AMP autocast not faster than FP32

CUDA operations are executed asynchronously, so you would have to synchronize the code before starting and stopping the timer. The torch.utils.benchmark utility provides this functionality as well as e.g. warmup iterations.

Still not seeing speed up.

import torch
from torch.cuda.amp import autocast
print(torch.__version__)

!nvidia-smi

from transformers import AutoModel
model = AutoModel.from_pretrained('bert-base-uncased').to(1)
model.train()

x=torch.randint(0,1000, (8,128)).to(1)

def autocast_forward(model, x, fp16 = False):
    with autocast(enabled = fp16):
        return model.forward(x)


import torch.utils.benchmark as benchmark

t0 = benchmark.Timer(
    stmt='autocast_forward(model, x, False)',
    setup='from __main__ import autocast_forward',
    globals={'x': x, 'model':model})

t1 = benchmark.Timer(
    stmt='autocast_forward(model, x, True)',
    setup='from __main__ import autocast_forward',
    globals={'x': x, 'model':model})

print(t0.timeit(100))
print(t1.timeit(100))
<torch.utils.benchmark.utils.common.Measurement object at 0x7f9e30ccd520>
autocast_forward(model, x, False)
  19.95 ms
  1 measurement, 100 runs , 1 thread
<torch.utils.benchmark.utils.common.Measurement object at 0x7f9d9fa651c0>
autocast_forward(model, x, True)
  23.53 ms
  1 measurement, 100 runs , 1 thread

The 15% speedup seems to be low, as the FP16 kernels are not fully saturating the GPU, which is visible in the Nsight Systems profile in the whitespaces between kernel calls.
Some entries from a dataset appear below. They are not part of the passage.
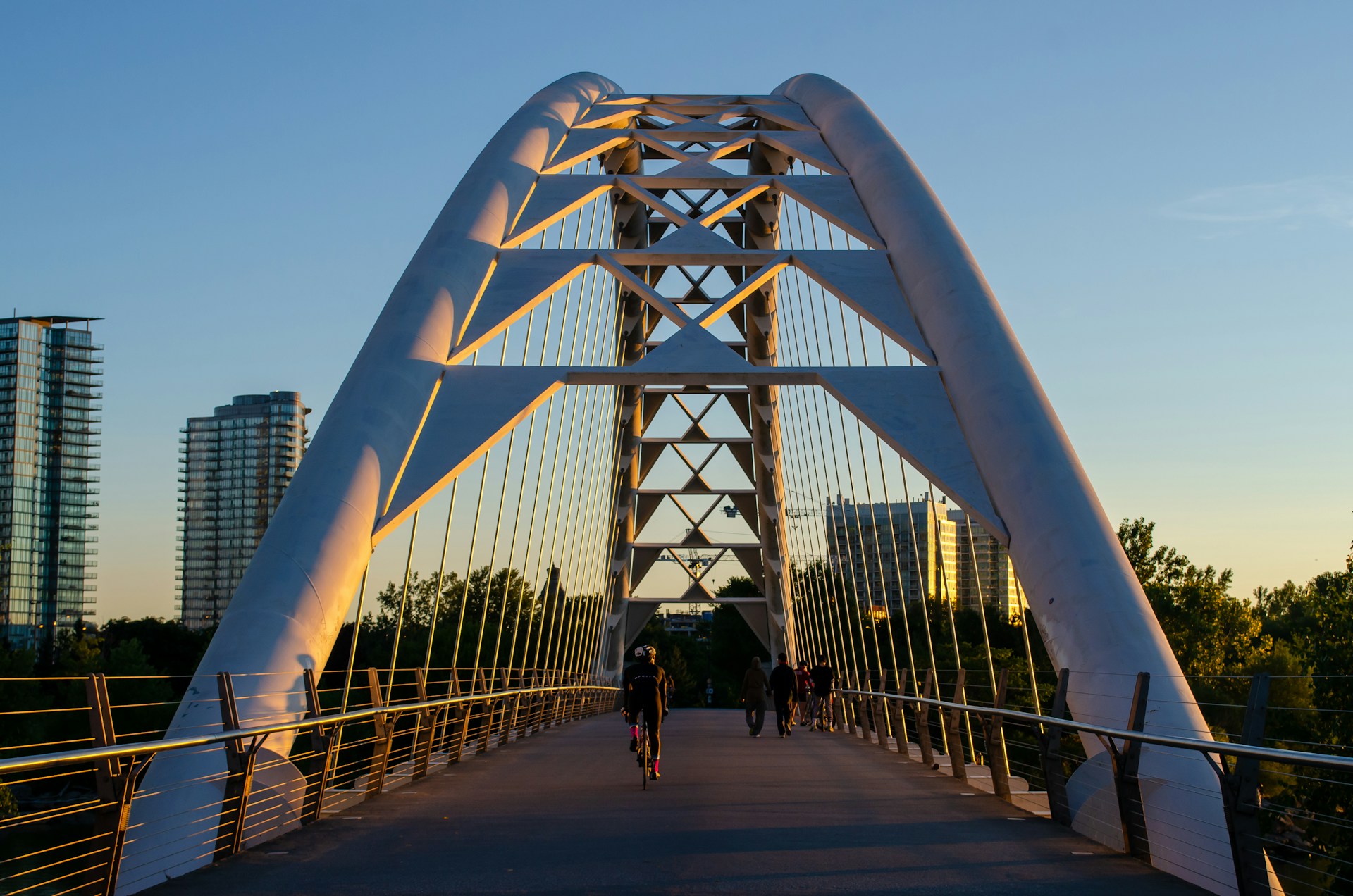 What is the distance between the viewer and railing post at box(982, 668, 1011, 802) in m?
9.52

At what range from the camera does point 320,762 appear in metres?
8.77

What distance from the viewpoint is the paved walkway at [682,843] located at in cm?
632

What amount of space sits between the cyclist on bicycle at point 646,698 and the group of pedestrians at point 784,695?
698 centimetres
While the FP16 cublas kernels are faster, the overall speedup is lower due to this.

I don’t see 15% speedup. autocast = false is faster than autocast=true

Ah, thanks. I’ve misunderstood the timings, but saw a minor speedup on an A100 using your benchmark.
In any case, it seems the workload is heavily CPU bound. Also there are some unexpected device_to_device kernels, so I’ll look into it a bit more.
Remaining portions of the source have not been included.